Monday, February 08, 2010

Ipod toUch and Linux

One of the drawbacks of Linux is using it with an Ipod Touch or an Iphone.   There are stable utilities for older iPods, but the Touch and Iphone use a different system, and support is still somewhat experimental.  

I've finally got music and photos synching with GTKpod and libiphone.  Music is fine, easier than ituNes.  Getting pictures on the ipoD is slightly clumsy, but easier than making the iTunes on my wife's computer play nice with two separate accounts and finding a time when she isn't using it.   (Itunes does not understand user accounts on Windows--even though my ipod is set up under a different user account, I have to hold shift when launching to be able to select my ipod files, and remember to switch it back before my wife uses hers)

The other major issue is ebooks.  I use Stanza to read ebooks, and I now prefer reading on the iPod to reading a paper book.  My page is kept, I have one thing to keep track of, and it fits a huge library of books in my pocket.  Unfortunately the part of Stanza that loads your books isn't available on Linux, again requiring my wife's computer. 

The final piece for ebooks on Linux was Calibre.   Stanza on the ipOd has the capability to download directly from the web.  Calibre takes advantage of this and sets your computer to serve your books.   Another advantage to this is that the books are pulled onto the ipod, rather than pushed to it from the computer.  This means that one install of Calibre could serve many people without bothering the user of the computer.  

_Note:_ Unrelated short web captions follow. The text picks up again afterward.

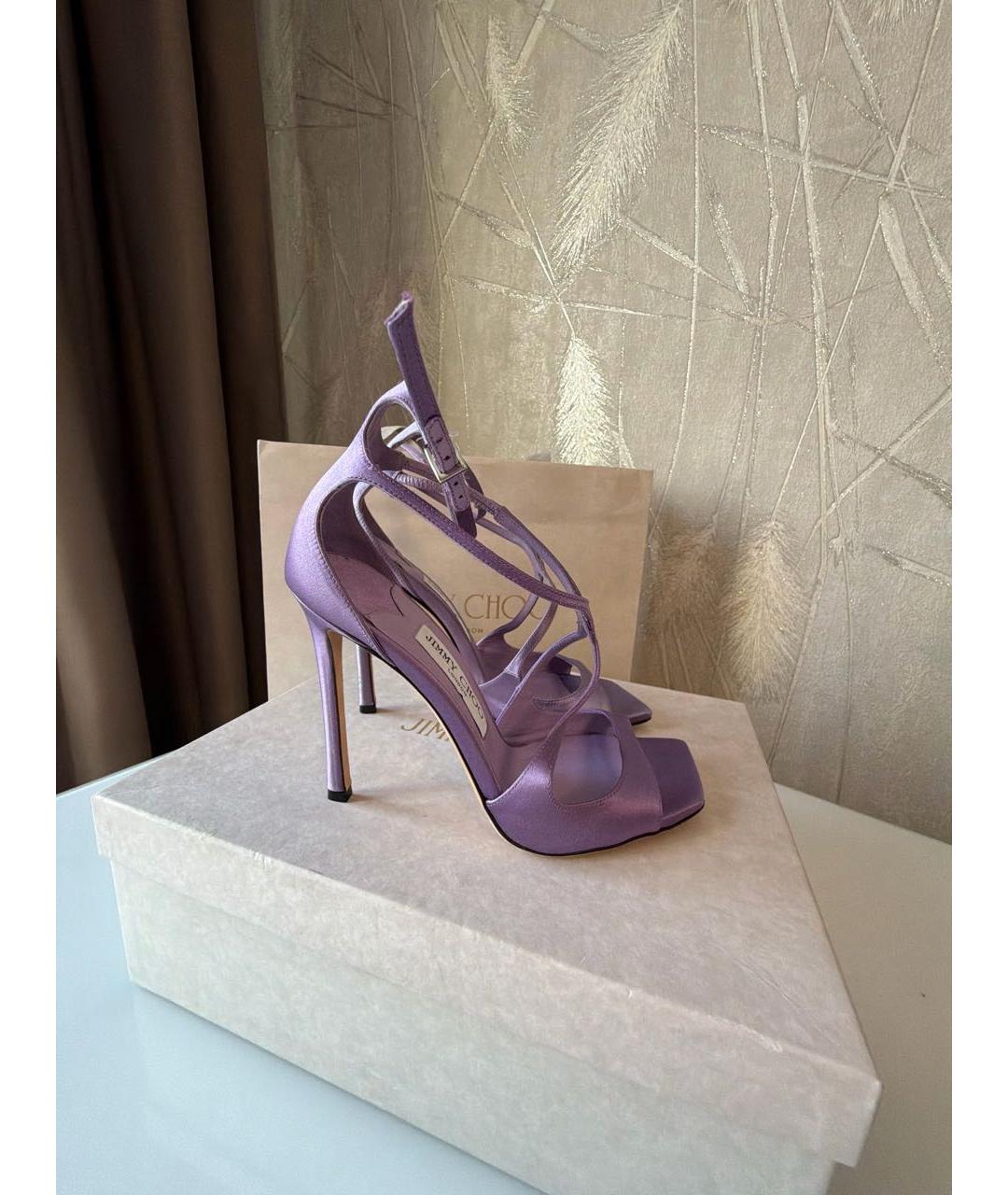 JIMMY CHOO Фиолетовые текстильные босоножки, фото 8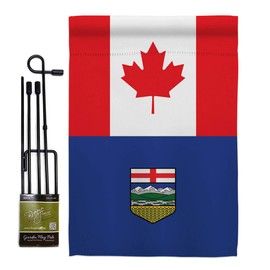 Americana Home & Garden Canada Alberta Garden Flag Set with Stand Provinces Canadian Territories Region Country Particular Area House Decoration Banner Small Yard Gift Double-Sided, Made in USA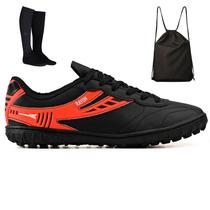 Kit Chuteira Futebol Society Couro Campo Grama Sintetica + Mochila + Meião Adulto Kit Chuteira Futebol Society Couro Campo Grama Sintetica + Mochila + Meião Adulto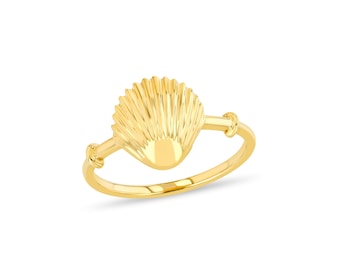 14k Solid Gold Sea Shell Ring: High Polish Finish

Calibre also converts to and from various document and ebook formats, so you can take a .pdf or .html file and turn it into a format your reader can use, although with some limits.  One of the limits is dealing with an original that is badly formatted.   Several of the books I downloaded had word wrap set so that on the ipod, I'd get a full line, half a line, then a blank line.  The original document had lines that were set to a fixed length longer than the ipod screen can display.  I fixed this by opening in Open Office, replacing all instances of two carriage returns in a row and replacing them with a ::::, then finding all remaining carriage returns and replacing them with two spaces.  Finally, replace all the :::: with a carriage return, and you now have sensible paragraphs that will wrap properly regardless of screen size.    Open Office can save in .rtf and HTML formats that Calibre can read. 

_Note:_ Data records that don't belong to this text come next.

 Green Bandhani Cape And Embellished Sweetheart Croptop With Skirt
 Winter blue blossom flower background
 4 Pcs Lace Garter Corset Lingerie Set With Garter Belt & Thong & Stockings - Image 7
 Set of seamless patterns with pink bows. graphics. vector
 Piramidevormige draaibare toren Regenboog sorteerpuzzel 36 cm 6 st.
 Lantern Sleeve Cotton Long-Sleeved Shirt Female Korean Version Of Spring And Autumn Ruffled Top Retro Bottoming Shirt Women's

Unfortunately there is apparently a bug in Calibre's .rtf conversion that makes pages after the first one blank..  Oddly, this is one page, regardless of font size--Decreasing the font to something barely readable showed more text, but still a blank second page.  Saving as .html and using that to create the ebook solved that.  

A lot of work, but in the end worth the effort.  I now have plenty of reading material on my iPod, including quite a few Heinlein stories I haven't read in decades, and some I can't remember reading ever.